(Task to carry out):
Among the entries, which lines carry the string "follows"? Copy every one.

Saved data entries
——

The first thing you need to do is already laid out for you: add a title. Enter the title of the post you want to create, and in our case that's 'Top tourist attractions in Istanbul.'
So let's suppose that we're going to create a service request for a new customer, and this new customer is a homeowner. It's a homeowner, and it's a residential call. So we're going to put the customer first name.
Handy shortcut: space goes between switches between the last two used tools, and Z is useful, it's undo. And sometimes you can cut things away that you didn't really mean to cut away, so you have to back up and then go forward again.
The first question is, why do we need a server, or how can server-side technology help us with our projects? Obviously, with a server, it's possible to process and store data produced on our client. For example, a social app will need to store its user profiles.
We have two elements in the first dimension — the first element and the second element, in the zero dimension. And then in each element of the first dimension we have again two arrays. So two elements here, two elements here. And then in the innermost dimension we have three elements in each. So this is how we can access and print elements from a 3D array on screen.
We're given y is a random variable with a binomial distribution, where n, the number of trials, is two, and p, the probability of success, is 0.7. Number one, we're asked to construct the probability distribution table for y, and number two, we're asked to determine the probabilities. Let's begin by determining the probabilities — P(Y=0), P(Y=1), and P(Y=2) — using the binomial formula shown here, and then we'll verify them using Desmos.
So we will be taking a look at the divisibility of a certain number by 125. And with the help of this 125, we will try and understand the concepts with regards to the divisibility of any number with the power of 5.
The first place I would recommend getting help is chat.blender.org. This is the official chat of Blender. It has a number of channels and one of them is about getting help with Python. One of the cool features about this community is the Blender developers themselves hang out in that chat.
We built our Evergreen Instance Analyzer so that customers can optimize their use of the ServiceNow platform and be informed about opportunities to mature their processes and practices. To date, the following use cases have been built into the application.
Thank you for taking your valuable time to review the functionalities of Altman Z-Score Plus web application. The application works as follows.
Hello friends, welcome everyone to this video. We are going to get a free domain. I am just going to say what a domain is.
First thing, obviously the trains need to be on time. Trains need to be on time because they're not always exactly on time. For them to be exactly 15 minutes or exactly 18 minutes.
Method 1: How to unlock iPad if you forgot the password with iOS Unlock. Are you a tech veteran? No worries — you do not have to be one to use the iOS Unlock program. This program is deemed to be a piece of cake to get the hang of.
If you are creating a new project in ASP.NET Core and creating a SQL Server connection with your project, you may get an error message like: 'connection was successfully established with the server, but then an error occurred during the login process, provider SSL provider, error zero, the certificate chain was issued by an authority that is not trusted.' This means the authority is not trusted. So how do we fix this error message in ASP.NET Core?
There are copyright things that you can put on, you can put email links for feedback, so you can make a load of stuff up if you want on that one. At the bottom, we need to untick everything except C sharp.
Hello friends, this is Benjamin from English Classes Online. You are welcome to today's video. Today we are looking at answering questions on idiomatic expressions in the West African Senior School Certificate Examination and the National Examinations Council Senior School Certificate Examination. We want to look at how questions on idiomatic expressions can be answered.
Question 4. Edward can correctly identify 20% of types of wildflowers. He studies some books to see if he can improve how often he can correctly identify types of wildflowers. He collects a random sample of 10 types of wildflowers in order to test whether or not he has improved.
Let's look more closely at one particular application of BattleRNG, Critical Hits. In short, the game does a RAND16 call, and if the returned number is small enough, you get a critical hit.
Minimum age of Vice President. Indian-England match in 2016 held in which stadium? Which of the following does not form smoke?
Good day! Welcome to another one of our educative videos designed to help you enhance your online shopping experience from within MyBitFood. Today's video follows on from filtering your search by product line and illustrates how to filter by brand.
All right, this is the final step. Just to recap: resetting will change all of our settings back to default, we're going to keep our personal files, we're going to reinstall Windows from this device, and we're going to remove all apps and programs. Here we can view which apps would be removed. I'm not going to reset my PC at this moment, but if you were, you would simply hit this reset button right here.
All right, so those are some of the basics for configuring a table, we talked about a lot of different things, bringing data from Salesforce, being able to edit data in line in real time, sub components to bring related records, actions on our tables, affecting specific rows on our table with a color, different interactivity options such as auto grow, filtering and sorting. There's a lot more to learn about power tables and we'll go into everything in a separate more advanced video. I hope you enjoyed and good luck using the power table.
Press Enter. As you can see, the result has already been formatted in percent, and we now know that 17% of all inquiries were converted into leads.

——

(Output of the task):
Thank you for taking your valuable time to review the functionalities of Altman Z-Score Plus web application. The application works as follows.
Good day! Welcome to another one of our educative videos designed to help you enhance your online shopping experience from within MyBitFood. Today's video follows on from filtering your search by product line and illustrates how to filter by brand.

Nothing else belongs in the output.